说着,景弘帝喉咙哽咽,“我……”
最终千言万语化作了相思泪。
皇后宫殿。
苏后看着跪在地上的太监,面无表情:“他又去那了?”
太监伏趴在地上,头都没敢抬一下:“陛下没让奴才跟着。”
若仔细听,那声音里带着颤抖。
“本宫陪了他十年,他还是忘不了那贱人。”
苏后笑了,笑着笑着,泪水从眼角滑落,贴身的桂嬷嬷心疼的擦着她脸上的泪水。
“皇后,那人都死了多久了,咱犯不着。”
“桂嬷嬷,十年了,整整十年了,他还是忘不了那贱人。”
怕是他自己都不知道吧,那次喝醉,梦里,嘴里,喊的都是安贵妃那贱人,她人都死了十年,她却始终赶不上那死人。
多讽刺啊!
她都成了后宫最尊贵的女人,却还不如一个死人。
还有那贱人的儿子,真以为塞进了营地,就高枕无忧了?
既然那位不愿高看寒锦一眼,那就休怪她,毁了那贱人的儿子。
“营地那怎么样了?”
桂嬷嬷没接话,她看了眼地上的太监:“小李公公,皇后这没什么事了,要不老身先送你出去。”

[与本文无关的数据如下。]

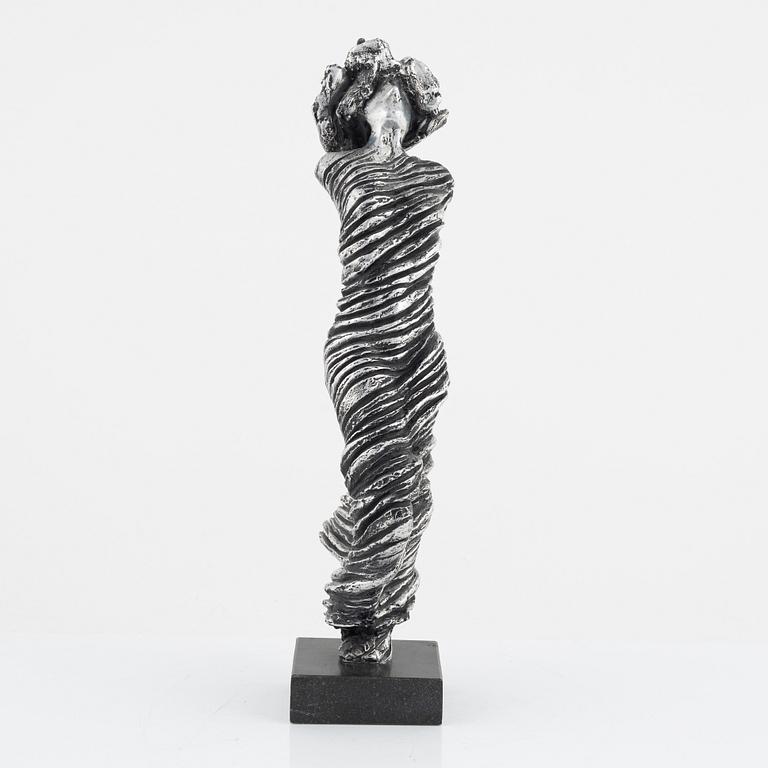 Frank Olsson, an aluminum sculpture, signed.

皇后这才反应过来,地上还跪着个景弘帝身边伺候的小太监,她勾着唇角,不屑的看了眼趴在地上的小太监。
“起来吧。”
“谢皇后娘娘。”
即便是起了身,小李公公也还猫着腰身,低着头,不敢抬头看那尊贵的女人。
“桂嬷嬷,送送小李公公吧。”
小李公公的腰低得更弯了,听到皇后娘娘的话,渺赶忙摇手:“使不得,万万使不得。”
干着伺候人的事,他自然没有错过皇后落在他身上的视线。
鄙夷中掺杂着不屑。
似他们这等奴才,最是被人瞧不起,何况,他刚才还一不小心听到了那话,若他不是在景弘帝跟前露过脸,怕这会已经成了井底的亡魂了。
“皇后娘娘,若没什么事,奴才就先行告退了。”
小李公公依然弯着腰,态度谦卑。
“今日辛苦公公跑这一趟了。”
桂嬷嬷熟门熟路的从袖袋里掏出几粒银花生,塞进了他手里。
小李公公没再像之前那般推拒,他熟练的接过银花生。
“谢皇后娘娘赏赐。”
说完,他倒着弯腰退到了门边,直到看不见苏后,这才转过身离开。
乾安殿……
景弘帝批阅着奏折,见小李子进来,这才放下手中的笔。
“又去见皇后了?”
小李公公弯腰:“是,陛下,皇后娘娘如往常一样,问奴才您散朝后去了哪,奴才按您的吩咐说了,只是皇后娘娘还是猜出来了。”
“无妨。”
景弘帝又拿起笔,才批改一个奏折,又放了下来。